> WHAT YOU HAVE TO DO:
Repeat the listing exactly, minus the pictures.

> SUPPLIED INFORMATION:
+===+
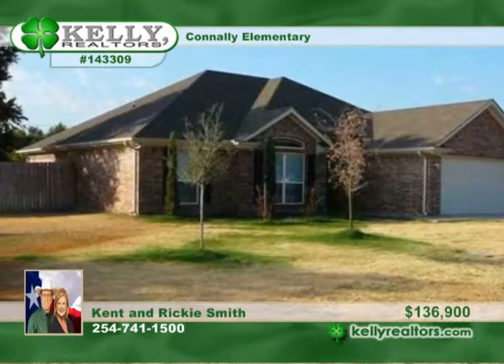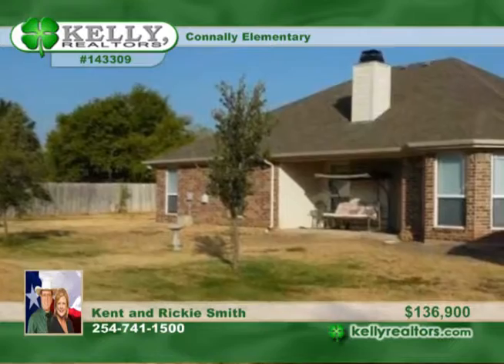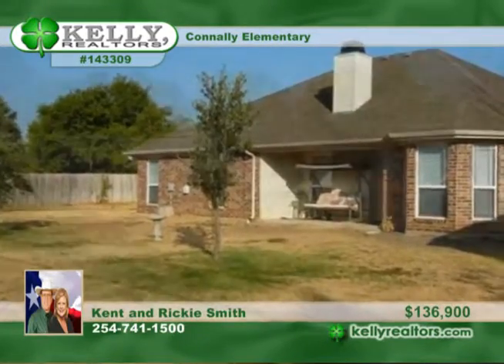Just move in and enjoy this three-bedroom, two-bath home in Bellmead, Lacey Lakeview. Built in 2007, this lovely home has an excellent floor plan. The family room includes a fireplace, and you'll appreciate the big open kitchen with granite counters, a breakfast bar, and adjoining dining area.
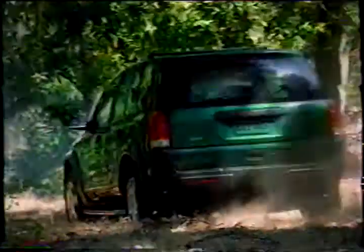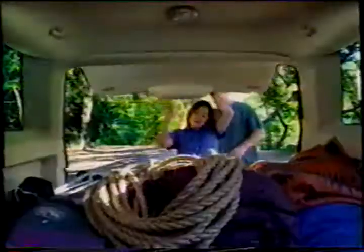Believe me, I know this place like the back of my hand. The Saturn Vue comes standard with four-wheel independent suspension. This is it. Split-folding rear seats for more cargo space. Excuse me. Check it out! Hannibal! And dent-resistant side panels.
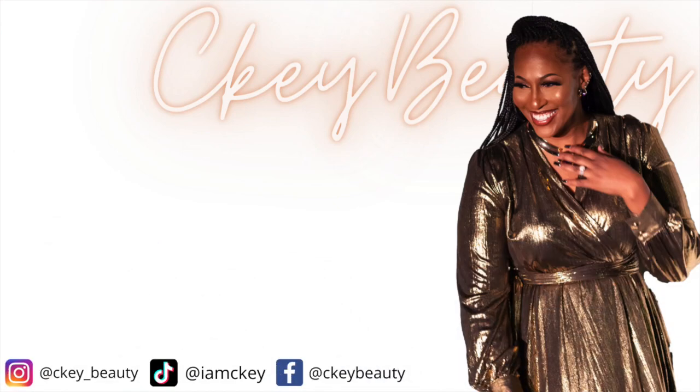Confidence is key, you know what I mean? A woman feels good when she's looking pretty. I don't need no Range Rover — just give your girl a bomb CK Beauty makeover.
+===+
> EXPECTED ANSWER:
Just move in and enjoy this three-bedroom, two-bath home in Bellmead, Lacey Lakeview. Built in 2007, this lovely home has an excellent floor plan. The family room includes a fireplace, and you'll appreciate the big open kitchen with granite counters, a breakfast bar, and adjoining dining area.
Believe me, I know this place like the back of my hand. The Saturn Vue comes standard with four-wheel independent suspension. This is it. Split-folding rear seats for more cargo space. Excuse me. Check it out! Hannibal! And dent-resistant side panels.
Confidence is key, you know what I mean? A woman feels good when she's looking pretty. I don't need no Range Rover — just give your girl a bomb CK Beauty makeover.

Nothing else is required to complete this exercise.